短編/一枚
「あ…昨日はね、友達の処に泊まっていたの…本当よ」
嘘だ。
「ほら、斉藤雪子さん。あなたも知ってるでしょ?同じ職場の…」
君は嘘を吐く時、決まって瞳を泳がせる。右へ、左へ。上へ、下へ。そんなことは、罪悪感を軽減させる何の役にも立ちはしないのに。
「ごめんなさい…怒ってる?あなた、昨夜は帰って来ないものだとばかり…今度から、外泊する際は連絡するわ」
小さなバーを営んでいる君は、開店前のこの時間、アイスピックを片手に心――いや、氷か――を砕きながら謝罪を述べる。
もう、いいから。喋らないで欲しい。
僕は君の真っ直ぐな視線を感じたいだけなんだ。美しい漆黒の双眸が落ち着き無く動くのには、いい加減うんざりしてる。
あぁ、君の瞳を永久に縫い留めてしまえたらいいのに。
「そう言えば、あのね。あの…。

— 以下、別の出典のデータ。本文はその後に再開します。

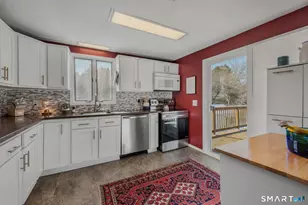 315 Judson Ave, Groton, CT 06355 - Photo 9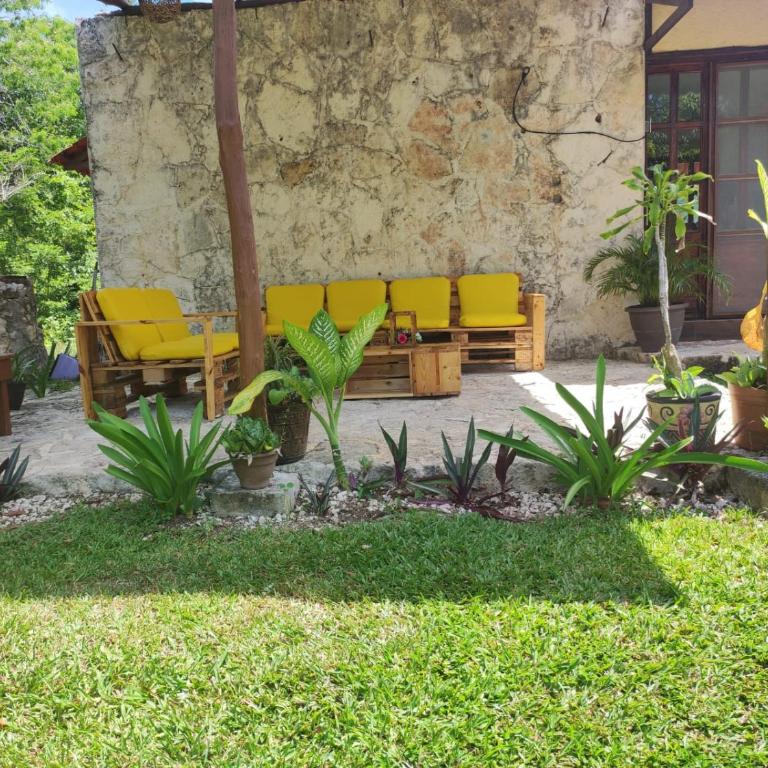 Aldea Isla Sagrada - Habitación Familiar con vistas al jardín - 3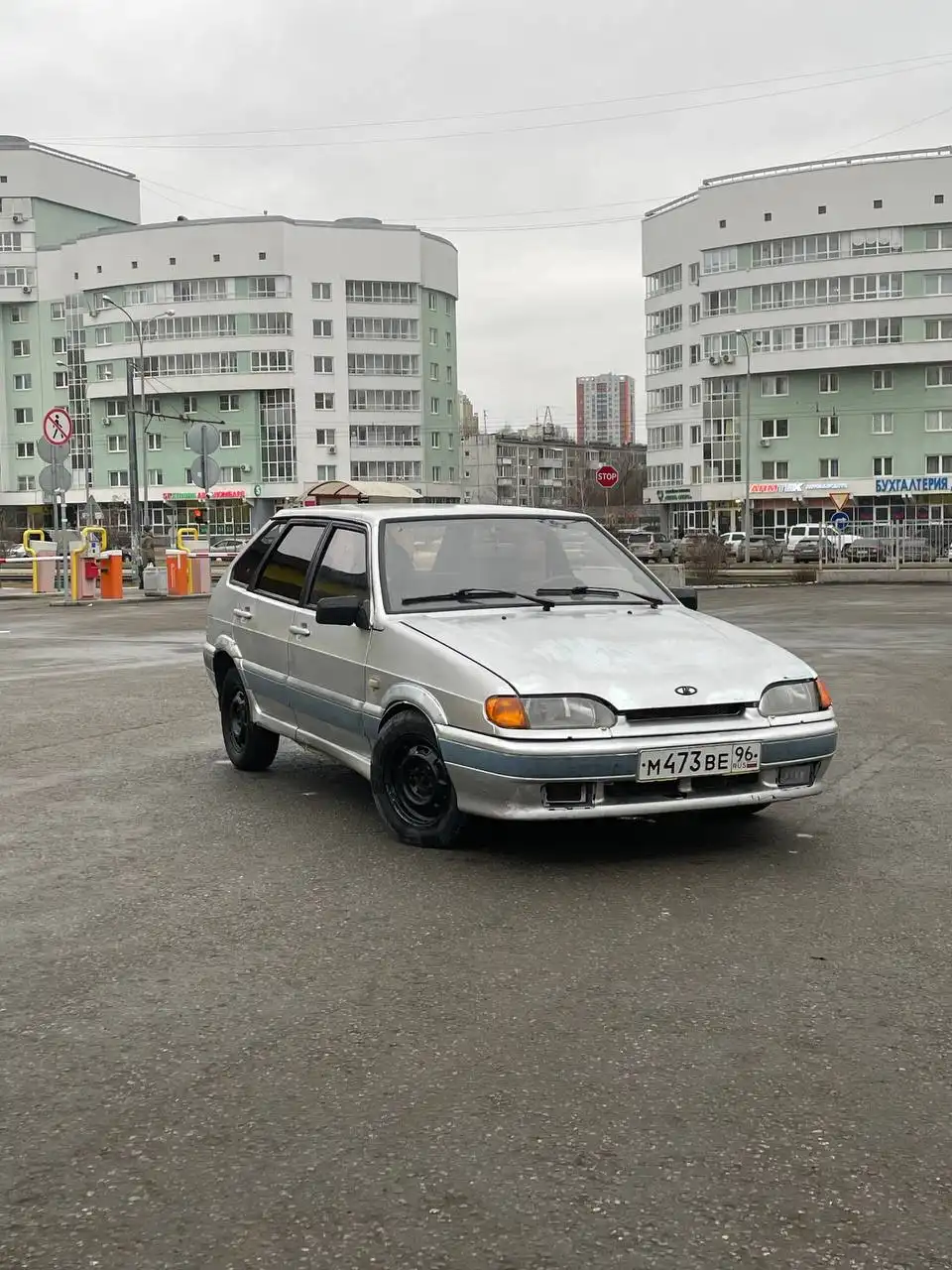 Продам ВАЗ 2114 с чистыми документами и исправной коробкой передач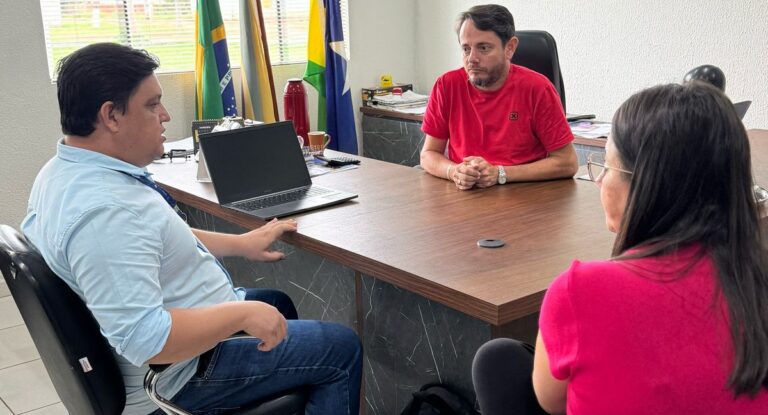 Sistema OCB/RO e Prefeitura de Castanheiras discutem parceria para o projeto RondoCoop Agro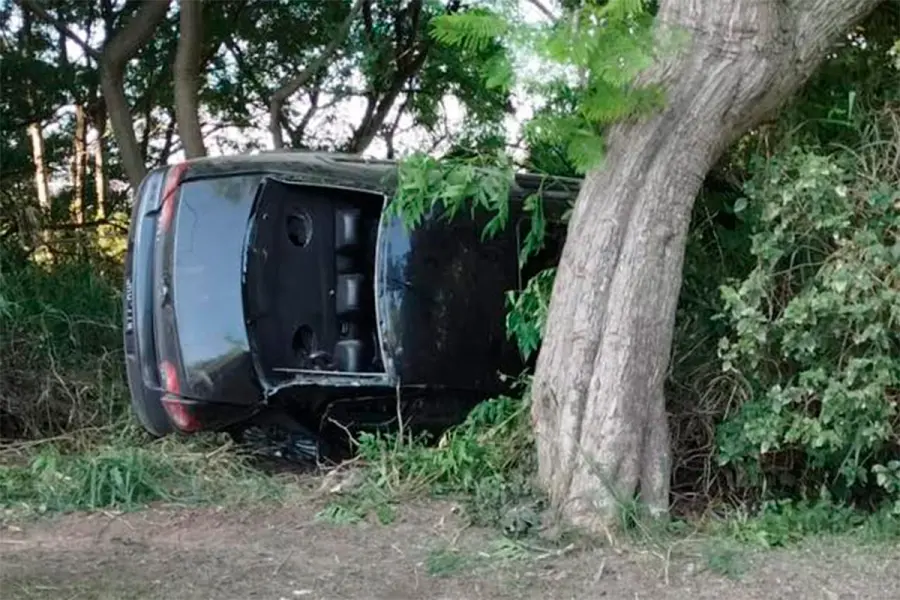 Accidente en avenida Estrada de Paran&aacute; (foto Bomberos Voluntarios)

次の土曜日にも是非来て欲しいと、彼女に誘われたのだけれど…」
ガキン。
氷の破片が飛び散って、カウンターの上を滑った。
「私、行ってもいいかしら…?」
ガキン。
氷を割るのを止めろ。
「別に、悪いことをしている訳ではないのだし…」
眼球を上下させるのを止めろ!
「え…あっ…!」
君が叫んだ。
硝子の容器が倒れて、氷が散らばる。
「やめ…お願い…」
アイスピックは君の左手から僕の右手に移動して、もはや耳障りな破砕音は聞こえない。
そして…。
「いやぁぁっ…!」
君の瞳は二度と、虚偽に揺れたりしない。
+
君は未だに僕に何か嘘を吐いているらしいね。本当に僕のことが好きだったんだ、なんて馬鹿な話じゃないんだろう?
だって。
君の瞳はホルマリンの海で、今も相変わらず泳いでいる。
A Mad Tea-Party
Come Here Alice, the Lost Child!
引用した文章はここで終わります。